Auf den ersten Blick scheint Richterin Amy Berman Jackson dem Druck aus dem Weissen Haus nun nachgegeben zu haben. Aber dieser Eindruck täuscht wohl. Es gab zuvor durchaus auch Stimmen von namhaften Juristinnen und Juristen, die das Vorgehen des Präsidenten und seines Justizministers verurteilten und dennoch die Forderung nach einer Gefängnisstrafe bis zu neun Jahren als nicht angemessen erachteten.

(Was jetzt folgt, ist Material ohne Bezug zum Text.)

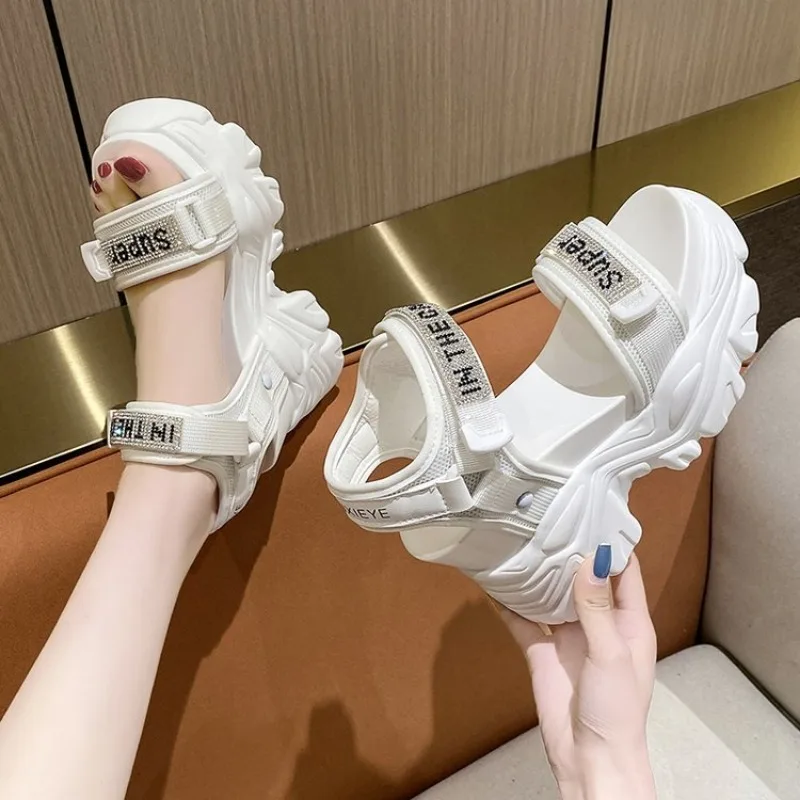 2025 new Women Thick Sole Chunky Platform Ins Casual Summer Shoes Sandals Beige Black Comfortable e2a6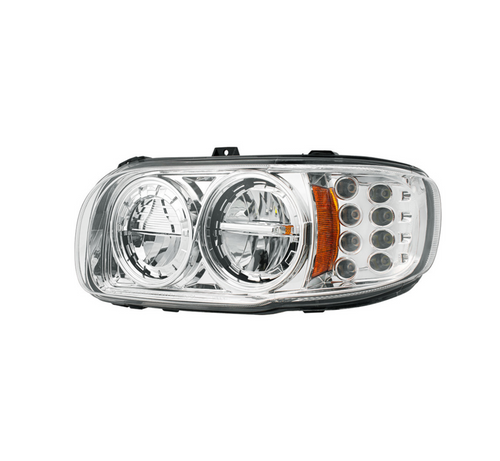 High Power LED Chrome Headlight With 8 LED Turn & 4 LED Position Light For 2008-2024 Peterbilt 389-Driver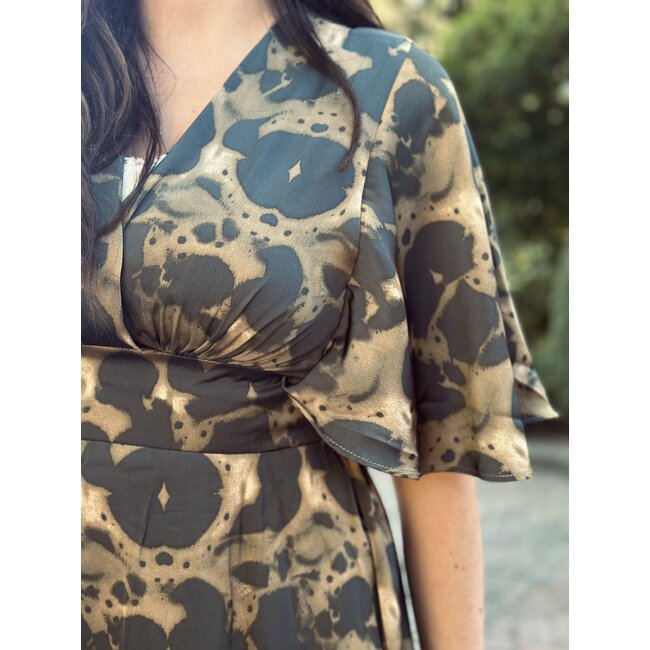 Sisters Point Sisters Point Danique satin dress brown/black leopard print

Noch keine Vollstreckung des Urteils

Dieser Beurteilung ist die Richterin nun gefolgt, die der 40-monatigen Gefängnisstrafe zusätzlich noch zwei Jahre Bewährungsfrist folgen lässt. Zudem hat sie Roger Stone eine Geldstrafe von 20'000 Dollar und 250 Stunden Sozialdienst auferlegt. Vollstreckt wird das Urteil allerdings nicht sofort. Die Verteidigung hatte schon vor der Entscheidung der Richterin eine Wiederholung des Prozesses verlangt, was sie mit der Befangenheit einer Geschworenen begründete.

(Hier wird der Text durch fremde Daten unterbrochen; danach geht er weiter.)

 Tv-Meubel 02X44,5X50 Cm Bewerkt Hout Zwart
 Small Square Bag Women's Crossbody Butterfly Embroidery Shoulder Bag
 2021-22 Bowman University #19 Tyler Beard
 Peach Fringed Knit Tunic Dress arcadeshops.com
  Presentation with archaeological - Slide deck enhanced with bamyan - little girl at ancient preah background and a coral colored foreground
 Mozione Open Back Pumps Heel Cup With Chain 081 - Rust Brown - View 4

Weit wichtiger als das Urteil ist aber die Tatsache, dass das Verhalten des Justizministers Befürchtungen verstärkt hat, die Unabhängigkeit der Justiz sei in den USA nicht mehr gewährleistet. Während William Barr in den Wochen zuvor unablässig kritisierte, Richter würden zu milde Urteile fällen, um die überfüllten Gefängnisse zu leeren, forderte er ausgerechnet im Falle eines Freundes des Präsidenten für Nachsicht mit einem Angeklagten.

Unabhängigkeit der Justiz

In den USA ist das Justizministerium gleichzeitig die oberste Anklagebehörde im Lande. Deshalb muss sich deren Chef politischen Druckversuchen des Präsidenten konsequent widersetzen. Sonst stellt er die Unabhängigkeit der Justiz infrage. Barr hat Präsident Trump seit seinem Antritt vor einem Jahr jedoch kein einziges Mal in die Schranken gewiesen, als dieser öffentlich Ankläger wie auch Richterinnen und deren Urteile kritisierte, die nicht seinen Vorstellungen entsprachen.

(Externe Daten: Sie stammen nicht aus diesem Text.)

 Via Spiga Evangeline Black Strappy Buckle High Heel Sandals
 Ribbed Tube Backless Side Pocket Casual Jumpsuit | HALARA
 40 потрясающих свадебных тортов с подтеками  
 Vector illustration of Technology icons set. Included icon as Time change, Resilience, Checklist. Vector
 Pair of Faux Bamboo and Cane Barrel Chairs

Erst als die vier mit dem Fall Roger Stone betrauten Staatsanwälte den Bettel hinschmissen, nachdem sie von ihrem Chef, dem Justizminister desavouiert wurden, und das Ausmass der Verunsicherung im Justizministerium sichtbar wurde, distanzierte sich Barr in einem Fernsehinterview von Trump. Auf viele Juristinnen und Juristen wirkte diese Distanzierung jedoch wenig glaubwürdig. Über 1100 ehemalige RichterInnen forderten in einem Brief den Justizminister zum Rücktritt auf. Für sie ist klar: In einem funktionierenden Rechtsstaat darf es keinen Zweifel geben an der Unabhängigkeit der Justiz.